The spread for the Superbowl is only 2.5 points (Green Bay being the favorite), which is a razor thin margin. Can both teams win? Not as far as I know. The Super Bowl historically only has one winner. This list doesn’t constitute a “pick” per se, but it is a pretty convincing list of reasons why McCarthy and company should be able to at least go the distance, Terrible Towels be damned.

9. Clay Matthews is a Beast at LB
Sure, it’s more of an observation than a reason, but Matthews has the uncanny ability to think like a veteran while playing with the energy of a rookie. Either one of these attributes without the other is not much of an asset, but together, this skill set exceeds the sum of its parts. He can terrorize an offense in pass coverage and he can do it behind the line of scrimmage. Neutralizing him will, at the very least, take extra effort that should free up the Pack’s D-linemen in 1-on-1 situations.

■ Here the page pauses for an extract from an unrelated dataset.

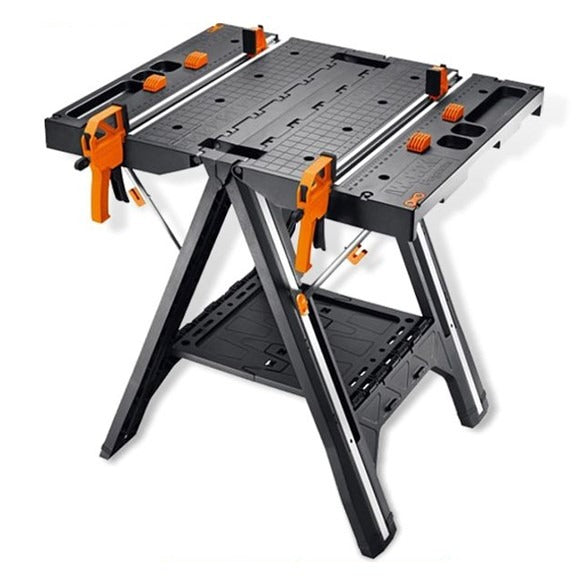 Worx PEGASUS Multi Function Work Table & Sawhorse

8. B.J. Raji has the Line on Lockdown
Do I want to place a prop bet that he’s the first one to score a touchdown next Sunday? Not really. But there isn’t much about this guy that ISN’T intimidating. Normally, the big dudes appear daunting, but can’t really get much done. As Raji showed last week, finding his way to the end zone, he’s not one of those guys.
 
 
 
7. The Steelers’ Center Is Out
Reports have come in saying Steelers center Maurkice Pouncey has a broken bone in his ankle that will sideline him for the big game. Pouncey hasn’t missed a game this season, which would normally be a blessing, but in an instance when a backup has to come in cold, especially a center, a coach would like to have seen that backup get some PT. While the team has had two weeks to prep for this, there’s no substitute for the real thing, so look for some confusion and rhythm issues.

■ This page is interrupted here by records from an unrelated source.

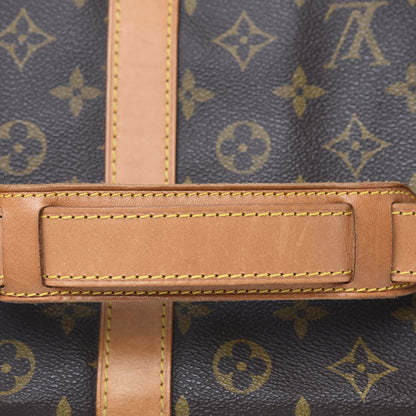 Louis Vuitton Monogram Keepall Bandouliere 60 12 of 13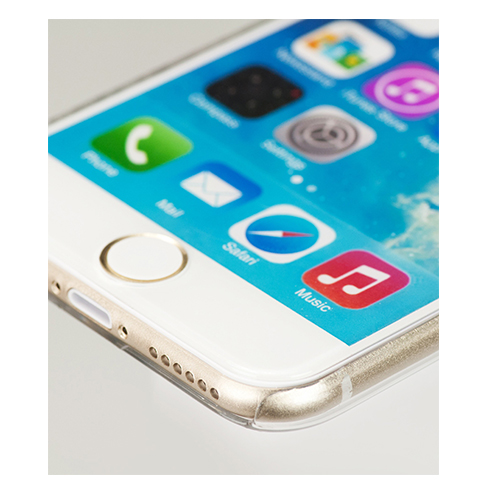 Swarovski kryt Milky Way pre iPhone 6/6s - Pink Mix 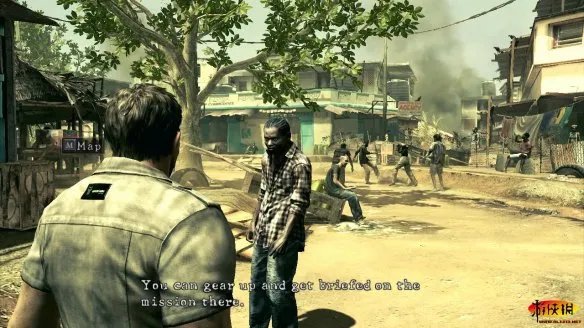 《生化危机5：黄金版》评测：还PC党一个完整的生化5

6. There’s Nothing Aaron Rodgers Can’t Scramble His Way Out Of
To say that he is reminiscent of Steve Young might actually be selling Rodgers a little short when it comes to his ability to get stuff done on the fly. You never want to plan for your quarterback to be out of pocket. That’s like planning for failure. But knowing that a little pressure won’t cause your helmer to fold like a cheap card table is some serious piece of mind. That importance registers tenfold when the defense you’re going up against is the Steelers’.

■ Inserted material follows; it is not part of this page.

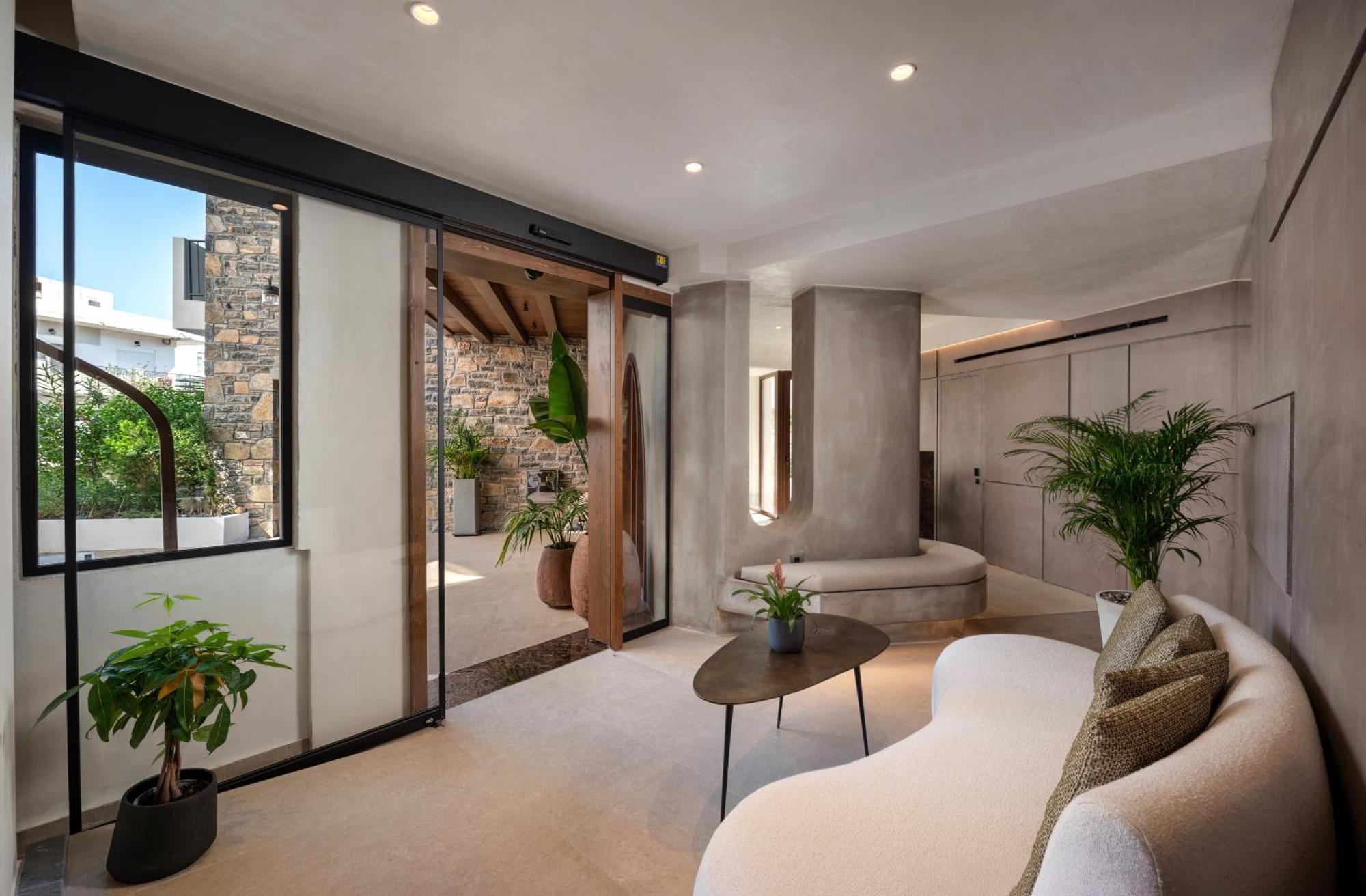 Elounda Stories Boutique Hotel Ngoại thất bức ảnh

5. Hey! The Pack Has a Running Game: James Starks
Who would have thought that an X-factor for one of the most anticipated Super Bowls in years would be a running back that was added to Green Bay’s roster in Week 11 and hadn’t played a game before that since 01/09? If you’re raising your hand right now, you’re lying. Starks may not be an elite running back, but with the passing game the Packers have, they don’t need elite. They need solid and consistent to balance out their offense, and consequently, their defense.
 

4. Ladies and Gentlemen, Defensive Coordinator Dom Capers
Implementing the 3-4 defense isn’t as easy as scooting around some X’s and O’s. Just ask the Washington Redskins and Albert Haynesworth. However, since getting picked up by the pack two years ago, Capers has given Green Bay an elite defense that is effective in its ability to confuse offenses and quarterbacks with delayed blitzes and misdirection on the other side of the ball. However, his sneakiness is mitigated by the fact that the Steelers have two weeks to figure out what this guy is all about, instead of just one. Will it neutralize him? Probably not, but it’s up to Capers to step up his game one last time in order to catch Pitt off-guard on Sunday.

3. Polamalu Not at 100%
While he is back at practice, this ebony-maned beauty seems to still be somewhat hampered by an Achilles injury. Injury reports given this time of year are hardly trustworthy, as coaches would rather have the status of their players be an unknown so that the opposition can’t adequately prepare for any personnel changes. However, if Polamalu isn’t at 100%, it will take a toll on Pittsburgh not only in terms of physical consequences, but also psychological, as few players in the league are more intimidating than Troy.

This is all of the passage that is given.